---------- GIVEN DATA ----------

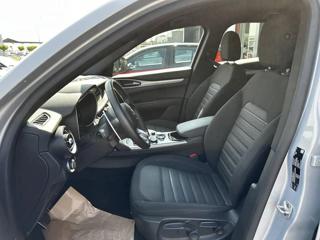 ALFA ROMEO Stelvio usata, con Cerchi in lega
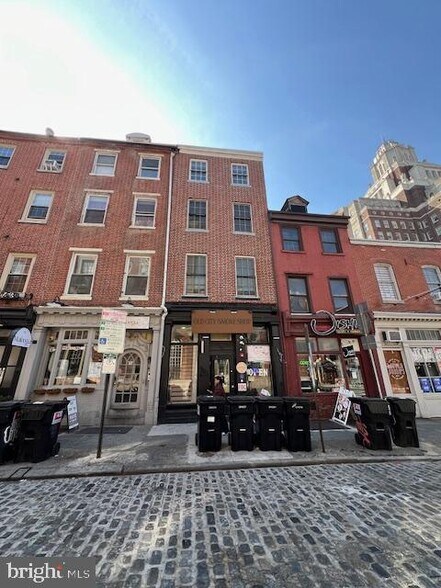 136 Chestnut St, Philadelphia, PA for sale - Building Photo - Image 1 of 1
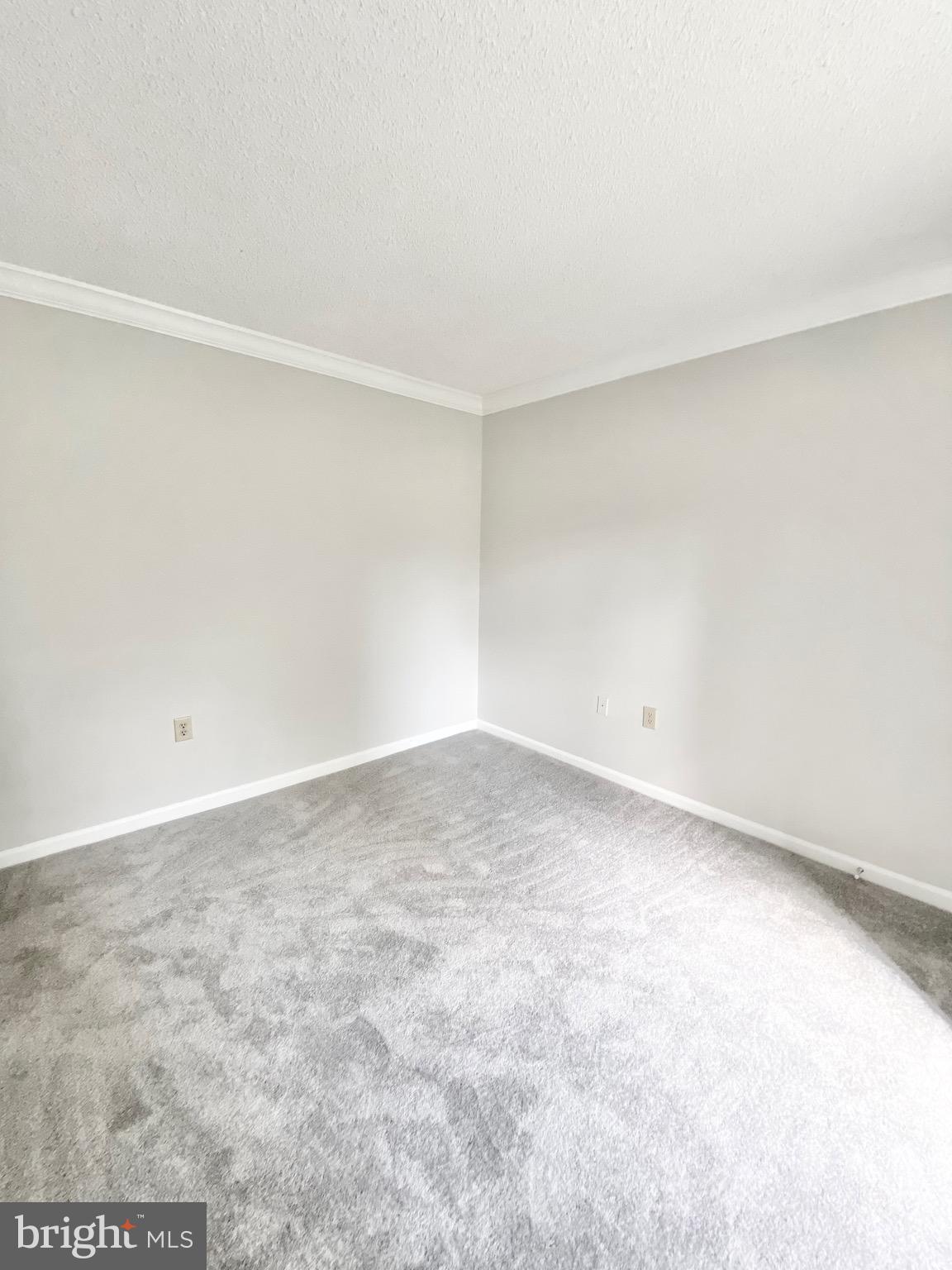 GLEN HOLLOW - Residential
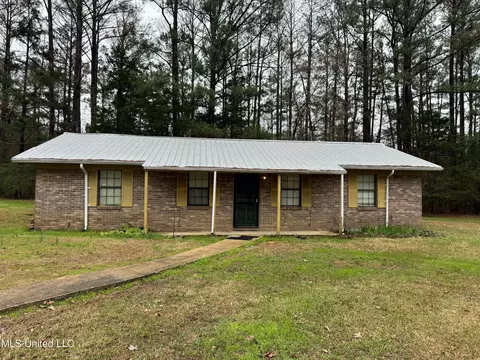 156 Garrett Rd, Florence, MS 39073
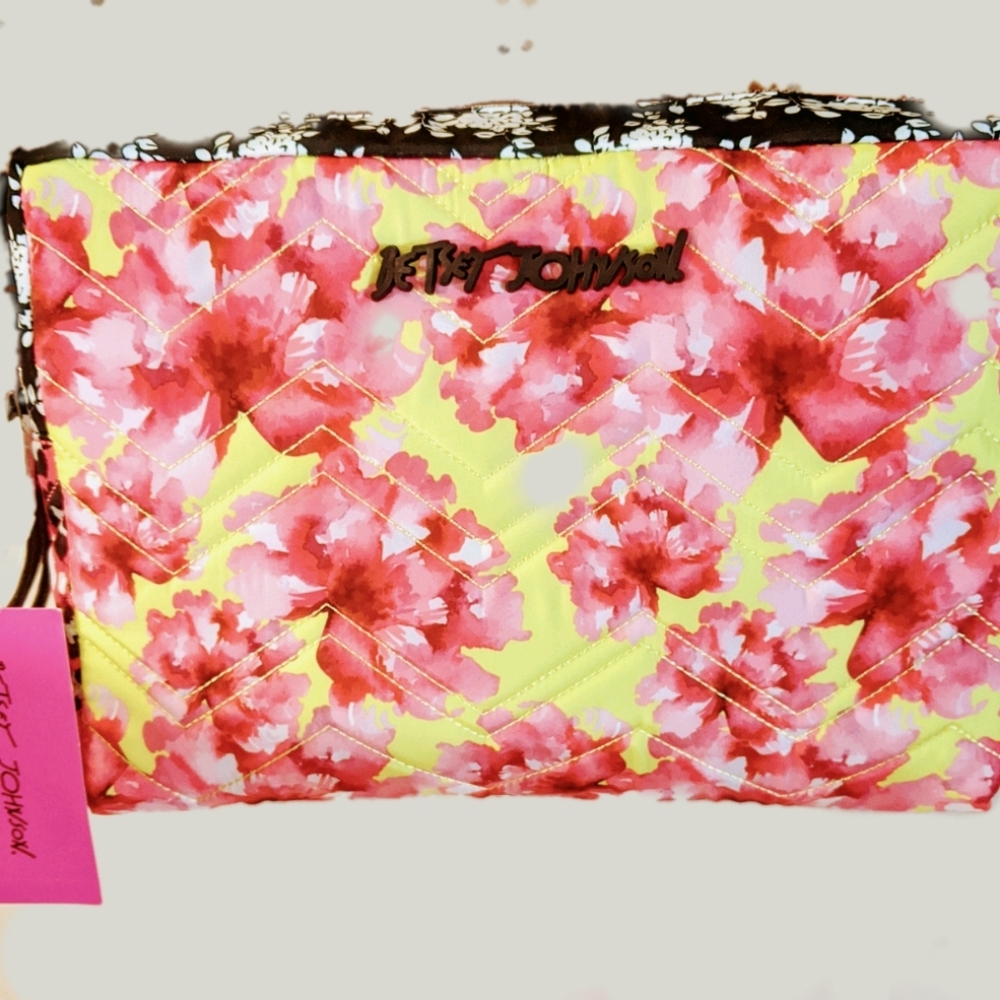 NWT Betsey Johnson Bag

----------

*THE TASK:* Each entry above should be written out again exactly, without its pictures.

*TASK RESULT:*
 ALFA ROMEO Stelvio usata, con Cerchi in lega
 136 Chestnut St, Philadelphia, PA for sale - Building Photo - Image 1 of 1
 GLEN HOLLOW - Residential
 156 Garrett Rd, Florence, MS 39073
 NWT Betsey Johnson Bag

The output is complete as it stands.